Recently,I am studying the GAN network,I'm using it to generator a mnisit image,the environment in my computer is ubuntu16.04,tensorflow,python3.
The code can run without any error.But the result shows the network study nothing,through training,the output image is still noisy image.
Firstly I design a generator network:the input is 784 dimension's noisy data,through a hidden layer and rule it,generate a 784 dimension's image.
Then I design a discriminator network:the input is real image and fake image,through a hidden layer and rule it,the output is 1 dimension's logits.

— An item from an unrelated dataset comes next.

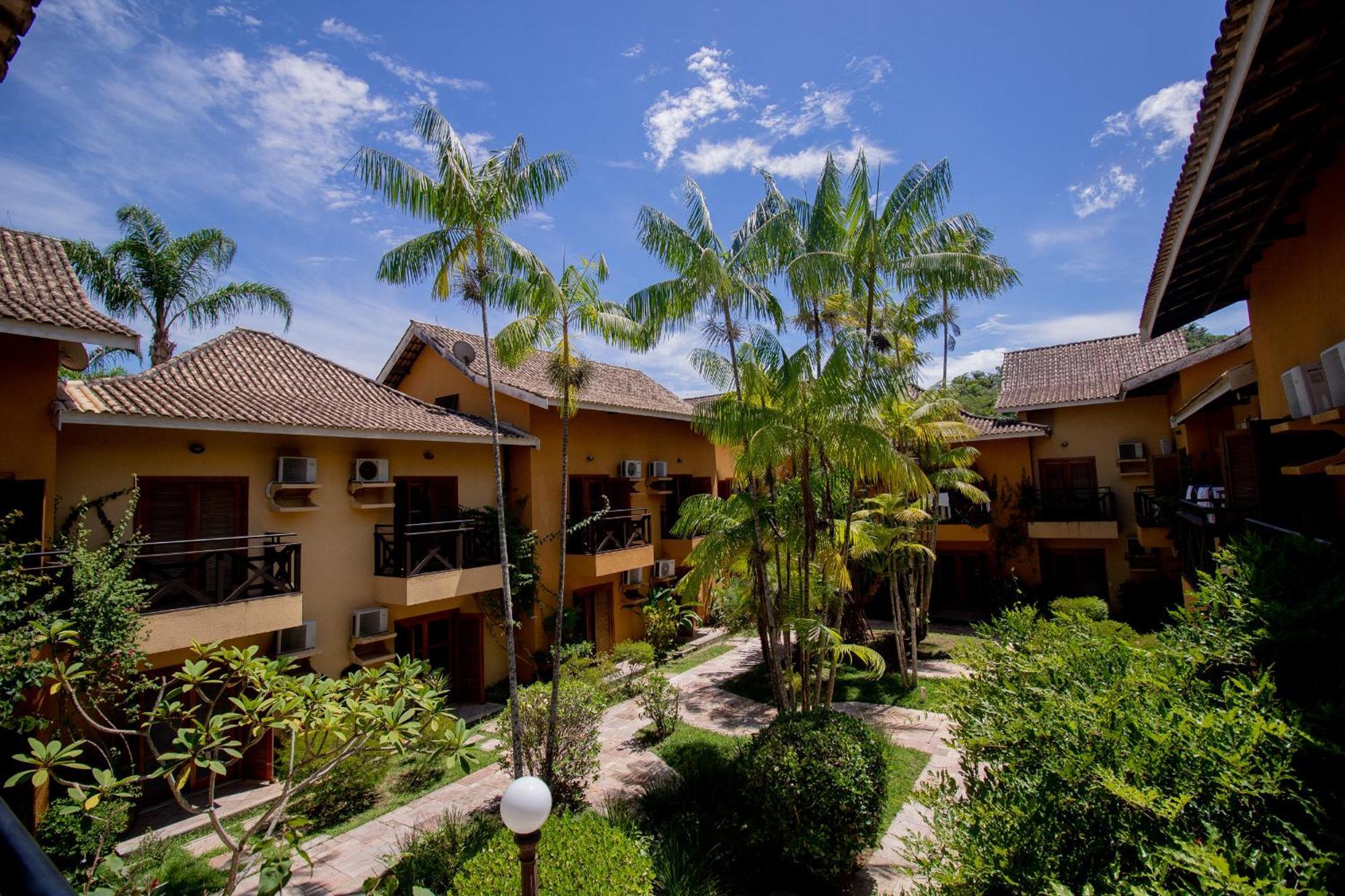 Ilha Flat Hotel Ilhabela Exterior photo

Then I defined the generator_loss and discriminator_loss, then train generator and discriminator.It can run,but the result show the network study nothing, the loss can not convergence.
import tensorflow as tf
import numpy as np
import tensorflow.contrib.slim as slim
import matplotlib.pyplot as plt
from tensorflow.examples.tutorials.mnist import input_data
mnist = input_data.read_data_sets("/home/zyw/data/tensor_mnist-master/MNIST_data/",one_hot=True)
batch_size = 100
G_in = tf.placeholder(tf.float32,[None,784])
G_h1 = tf.layers.dense(G_in, 128)
G_h1 = tf.maximum(0.01 * G_h1, G_h1)
G_out = tf.tanh(tf.layers.dense(G_h1, 784))
real = tf.placeholder(tf.float32,[None,784])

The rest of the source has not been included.